I thought of an analogy for our project that seems to fit fairly well. We're the "relational database for code". Relational databases change the way people think about storage. Before they existed, if you wanted to store some data, you opened a file and put whatever you wanted into it. When you read the data, you have to parse the file format, and you can only read the file sequentially, and so on and so forth. There are tons of different file formats that people use, but everybody does it differently, and if you wanted to be able to use the data in a lot of different ways, you had to think very hard about the different ways and design a file format that allows you to be efficient about it -- leading to greater complexity, bugs, and poor flexibility.

Enter the Relational Database. In order to use a relational database, you have to think a little about the data you intend to store. You have to organize it into relations: what pieces of data are associated with what other pieces of data, etc. You also have to tell the system a few other details about how the data will be used -- indexes, views, etc. But once you do this, it's massively easier to deal with all sorts of data. It's more flexible, because you can write queries that ask the database all sorts of questions that you couldn't have anticipated while you were creating it. Relational databases are also better performing, because the database creators were able to put in a lot of advanced technology to use indexes and perform query optimization and so on that you would rarely have the resources to be able to write yourself. Both this performance and this flexibility are gained from telling the database some critical information about the data that you're storing; you can't generalize the idea of a join between relations without the user telling you what is in a column.

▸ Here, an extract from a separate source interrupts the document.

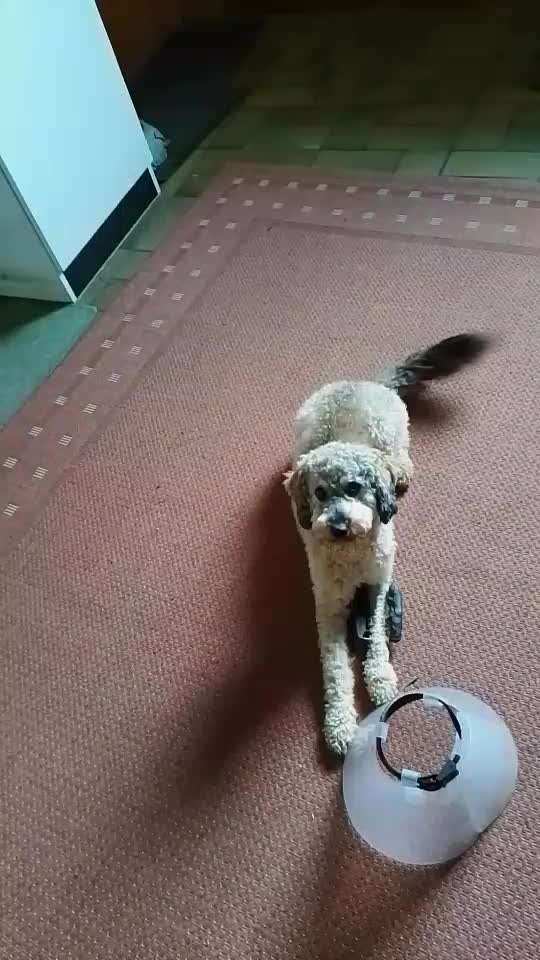 65. Gemeinsames Tricktraining: Rückwärts auf Gegenstand-Beitrag-Bild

We are aiming for a similar paradigm shift for software, especially communicating software: tell the system a little bit about how your functionality is structured -- what operations apply to which pieces of data. Stuff that you probably know anyway, or can figure out. Once you've explained this to the system, the system provides lots of flexibility (through making it easy to send messages, implement new objects, etc.) and performance (through parallelism, optimization, distribution, etc.).